On The Homotopy Type of Higher Orbifolds and Haefliger Classifying Spaces

TL;DR

This paper develops methods to associate a homotopy type to higher orbifolds and stacks, providing new presentations for classifying spaces and generalizing Segal's theorem for foliation groupoids.

Contribution

It introduces new techniques to compute the weak homotopy type of higher stacks and orbifolds, extending existing results to broader classes of groupoids and stacks.

Findings

New presentation for the homotopy type of classifying spaces of orbifolds.

Generalization of Segal's theorem to symplectic and metric foliation groupoids.

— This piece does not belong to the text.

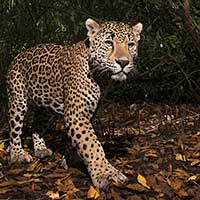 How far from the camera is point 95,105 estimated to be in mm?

Simplified proof of Segal's original theorem.

Abstract

We describe various equivalent ways of associating to an orbifold, or more generally a higher \'etale differentiable stack, a weak homotopy type. Some of these ways extend to arbitrary higher stacks on the site of smooth manifolds, and we show that for a differentiable stack X arising from a Lie groupoid G, the weak homotopy type of X agrees with that of BG. Using this machinery, we are able to find new presentations for the weak homotopy type of certain classifying spaces. In particular, we give a new presentation for the Borel construction of an almost free action of a Lie group G on a smooth manifold M as the classifying space of a category whose objects consists of smooth maps R^n to M which are transverse to all the G-orbits, where n=dim M - dim G. We also prove a generalization of Segal's theorem, which presents the weak homotopy type of Haefliger's groupoid $\Gamma^q$ as the classifying space of the monoid of self-embeddings of R^q, and our generalization gives analogous presentations for the weak homotopy type of the Lie groupoids $\Gamma^{Sp}_{2q}$ and $R\Gamma^q$ which are related to the classification of foliations with transverse symplectic forms and transverse metrics respectively. We also give a short and simple proof of Segal's original theorem using our machinery.